● **Assignment**
Somewhere below is a line with "Penthousestays Nr Notting" and, later, a line with "Pin On Brigitte"; repeat those two lines and all the lines between them, exactly as they are.

━━ Given records ━━

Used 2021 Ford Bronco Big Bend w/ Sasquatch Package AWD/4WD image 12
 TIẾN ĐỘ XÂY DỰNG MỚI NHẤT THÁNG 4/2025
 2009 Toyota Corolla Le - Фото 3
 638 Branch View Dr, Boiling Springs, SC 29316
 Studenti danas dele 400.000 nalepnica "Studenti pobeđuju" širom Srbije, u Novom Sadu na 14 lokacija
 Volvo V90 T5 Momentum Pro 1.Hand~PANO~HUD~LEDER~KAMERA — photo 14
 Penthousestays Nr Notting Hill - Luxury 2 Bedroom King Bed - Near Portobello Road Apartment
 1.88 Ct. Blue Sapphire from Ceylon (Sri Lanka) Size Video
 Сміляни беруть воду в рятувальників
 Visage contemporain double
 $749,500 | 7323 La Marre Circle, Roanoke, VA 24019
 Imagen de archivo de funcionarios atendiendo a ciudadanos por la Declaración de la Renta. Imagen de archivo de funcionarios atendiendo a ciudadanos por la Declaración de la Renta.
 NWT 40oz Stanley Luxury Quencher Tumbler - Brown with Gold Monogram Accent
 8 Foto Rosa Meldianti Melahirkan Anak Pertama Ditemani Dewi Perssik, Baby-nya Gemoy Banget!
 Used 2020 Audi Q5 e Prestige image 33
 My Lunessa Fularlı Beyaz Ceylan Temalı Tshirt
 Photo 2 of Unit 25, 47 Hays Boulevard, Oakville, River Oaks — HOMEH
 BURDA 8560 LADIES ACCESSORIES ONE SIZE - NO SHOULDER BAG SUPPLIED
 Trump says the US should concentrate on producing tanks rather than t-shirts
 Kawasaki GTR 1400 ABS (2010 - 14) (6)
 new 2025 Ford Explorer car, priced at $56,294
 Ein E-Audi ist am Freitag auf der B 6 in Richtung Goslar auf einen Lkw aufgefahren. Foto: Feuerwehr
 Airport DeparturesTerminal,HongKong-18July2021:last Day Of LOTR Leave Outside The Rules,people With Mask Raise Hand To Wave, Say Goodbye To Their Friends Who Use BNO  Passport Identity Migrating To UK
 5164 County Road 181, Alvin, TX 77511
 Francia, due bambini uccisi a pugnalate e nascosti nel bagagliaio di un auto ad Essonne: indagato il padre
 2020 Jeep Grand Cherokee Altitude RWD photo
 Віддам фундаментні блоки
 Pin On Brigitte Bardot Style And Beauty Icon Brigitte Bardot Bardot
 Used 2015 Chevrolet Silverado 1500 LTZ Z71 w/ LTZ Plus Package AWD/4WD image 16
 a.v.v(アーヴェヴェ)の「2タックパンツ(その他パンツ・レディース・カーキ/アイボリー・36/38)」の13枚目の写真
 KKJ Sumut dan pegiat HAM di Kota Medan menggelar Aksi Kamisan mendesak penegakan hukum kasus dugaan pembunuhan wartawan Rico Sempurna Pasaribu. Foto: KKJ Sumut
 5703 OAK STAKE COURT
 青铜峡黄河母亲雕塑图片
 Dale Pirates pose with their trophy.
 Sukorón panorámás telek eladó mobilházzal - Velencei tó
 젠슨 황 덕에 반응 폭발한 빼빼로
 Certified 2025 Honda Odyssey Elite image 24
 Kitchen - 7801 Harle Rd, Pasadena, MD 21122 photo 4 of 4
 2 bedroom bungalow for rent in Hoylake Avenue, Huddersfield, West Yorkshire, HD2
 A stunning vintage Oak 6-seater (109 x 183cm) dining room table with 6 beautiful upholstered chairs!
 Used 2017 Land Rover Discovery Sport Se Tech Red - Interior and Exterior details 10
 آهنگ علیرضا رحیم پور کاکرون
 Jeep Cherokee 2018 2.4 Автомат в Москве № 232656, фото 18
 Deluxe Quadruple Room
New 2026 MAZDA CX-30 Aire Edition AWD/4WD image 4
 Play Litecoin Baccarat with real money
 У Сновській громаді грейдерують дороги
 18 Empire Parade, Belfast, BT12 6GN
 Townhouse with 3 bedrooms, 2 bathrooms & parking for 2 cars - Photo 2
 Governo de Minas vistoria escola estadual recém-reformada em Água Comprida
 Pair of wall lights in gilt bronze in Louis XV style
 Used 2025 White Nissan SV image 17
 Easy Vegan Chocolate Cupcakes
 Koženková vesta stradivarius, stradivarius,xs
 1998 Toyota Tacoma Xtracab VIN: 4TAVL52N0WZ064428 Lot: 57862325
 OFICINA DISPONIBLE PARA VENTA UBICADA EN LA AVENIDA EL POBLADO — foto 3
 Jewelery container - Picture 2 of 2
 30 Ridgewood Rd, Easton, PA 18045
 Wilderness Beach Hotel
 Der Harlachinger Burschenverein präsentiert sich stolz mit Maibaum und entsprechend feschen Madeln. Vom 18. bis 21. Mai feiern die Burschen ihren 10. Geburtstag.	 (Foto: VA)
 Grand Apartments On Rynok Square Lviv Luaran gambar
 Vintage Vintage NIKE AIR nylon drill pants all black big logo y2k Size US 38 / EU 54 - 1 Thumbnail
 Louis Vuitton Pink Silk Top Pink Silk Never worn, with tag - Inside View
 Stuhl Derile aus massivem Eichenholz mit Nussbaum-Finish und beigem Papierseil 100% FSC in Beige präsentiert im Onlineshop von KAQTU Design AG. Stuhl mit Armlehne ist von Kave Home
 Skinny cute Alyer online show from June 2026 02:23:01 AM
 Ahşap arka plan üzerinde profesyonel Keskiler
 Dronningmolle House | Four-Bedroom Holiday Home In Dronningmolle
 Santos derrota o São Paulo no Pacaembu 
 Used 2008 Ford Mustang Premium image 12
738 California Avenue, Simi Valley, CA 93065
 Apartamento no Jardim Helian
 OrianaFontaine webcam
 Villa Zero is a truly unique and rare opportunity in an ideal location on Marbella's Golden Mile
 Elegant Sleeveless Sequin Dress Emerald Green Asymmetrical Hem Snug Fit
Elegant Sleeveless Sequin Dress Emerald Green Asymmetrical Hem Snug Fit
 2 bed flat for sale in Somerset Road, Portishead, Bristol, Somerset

━━━

● **Worked solution**
 Penthousestays Nr Notting Hill - Luxury 2 Bedroom King Bed - Near Portobello Road Apartment
 1.88 Ct. Blue Sapphire from Ceylon (Sri Lanka) Size Video
 Сміляни беруть воду в рятувальників
 Visage contemporain double
 $749,500 | 7323 La Marre Circle, Roanoke, VA 24019
 Imagen de archivo de funcionarios atendiendo a ciudadanos por la Declaración de la Renta. Imagen de archivo de funcionarios atendiendo a ciudadanos por la Declaración de la Renta.
 NWT 40oz Stanley Luxury Quencher Tumbler - Brown with Gold Monogram Accent
 8 Foto Rosa Meldianti Melahirkan Anak Pertama Ditemani Dewi Perssik, Baby-nya Gemoy Banget!
 Used 2020 Audi Q5 e Prestige image 33
 My Lunessa Fularlı Beyaz Ceylan Temalı Tshirt
 Photo 2 of Unit 25, 47 Hays Boulevard, Oakville, River Oaks — HOMEH
 BURDA 8560 LADIES ACCESSORIES ONE SIZE - NO SHOULDER BAG SUPPLIED
 Trump says the US should concentrate on producing tanks rather than t-shirts
 Kawasaki GTR 1400 ABS (2010 - 14) (6)
 new 2025 Ford Explorer car, priced at $56,294
 Ein E-Audi ist am Freitag auf der B 6 in Richtung Goslar auf einen Lkw aufgefahren. Foto: Feuerwehr
 Airport DeparturesTerminal,HongKong-18July2021:last Day Of LOTR Leave Outside The Rules,people With Mask Raise Hand To Wave, Say Goodbye To Their Friends Who Use BNO  Passport Identity Migrating To UK
 5164 County Road 181, Alvin, TX 77511
 Francia, due bambini uccisi a pugnalate e nascosti nel bagagliaio di un auto ad Essonne: indagato il padre
 2020 Jeep Grand Cherokee Altitude RWD photo
 Віддам фундаментні блоки
 Pin On Brigitte Bardot Style And Beauty Icon Brigitte Bardot Bardot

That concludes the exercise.